## [To do]
Using the listing below, set down exactly the lines starting at the line that contains "You may need" and ending at the line that contains "Stoplamp Yaris Cross", both included, and no others.

## [Study material]
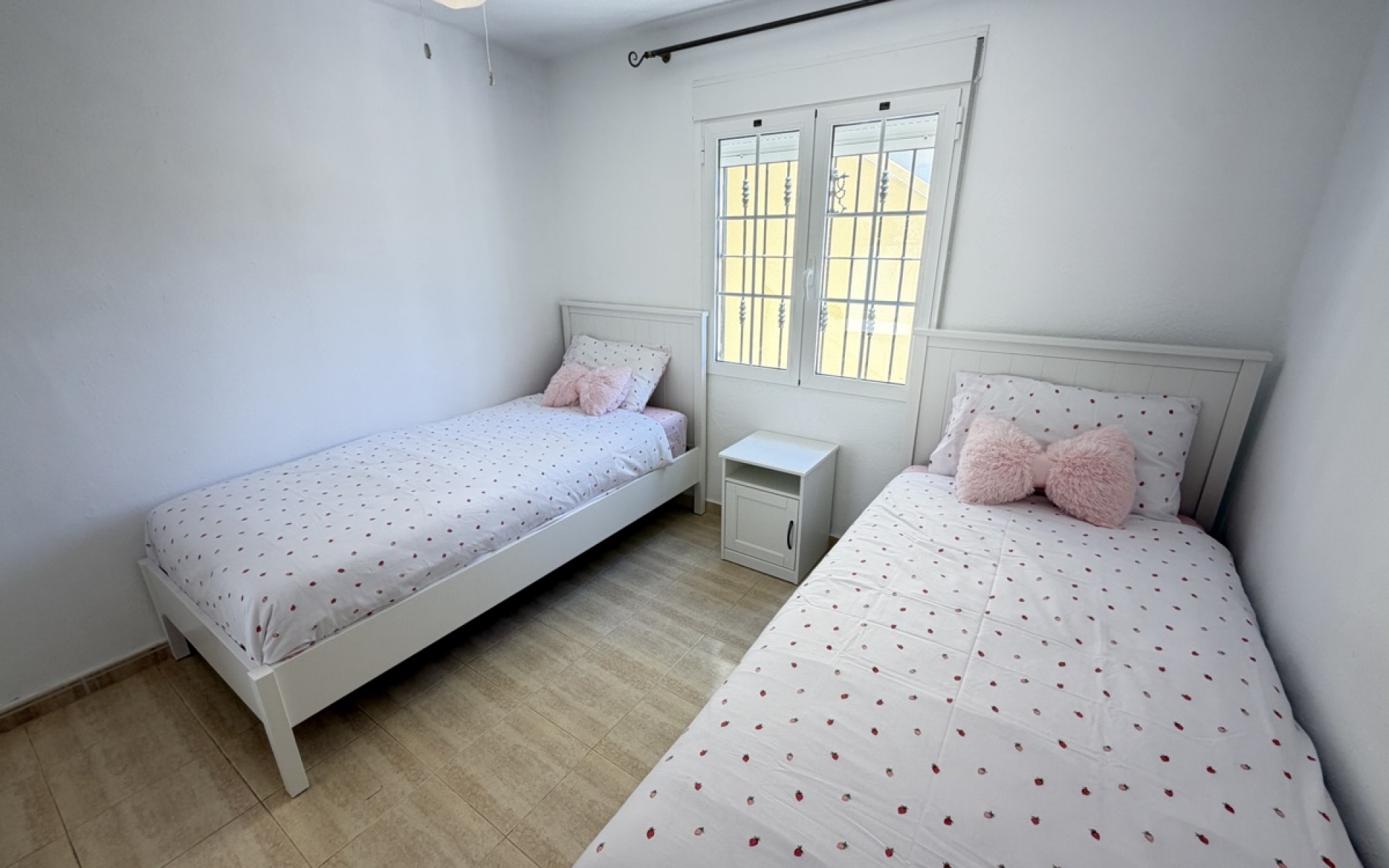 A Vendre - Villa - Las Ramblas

* * *

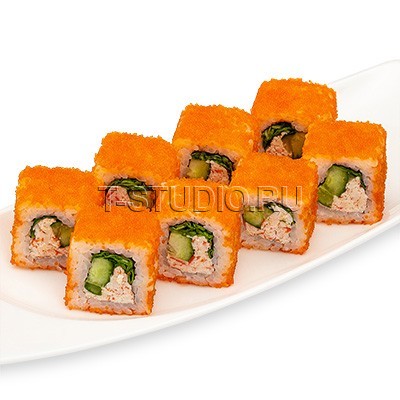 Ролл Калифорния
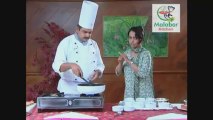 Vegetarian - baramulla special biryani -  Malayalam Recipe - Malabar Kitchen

...

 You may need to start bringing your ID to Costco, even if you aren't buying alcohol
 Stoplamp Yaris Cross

## [Your solution]
 You may need to start bringing your ID to Costco, even if you aren't buying alcohol
 Stoplamp Yaris Cross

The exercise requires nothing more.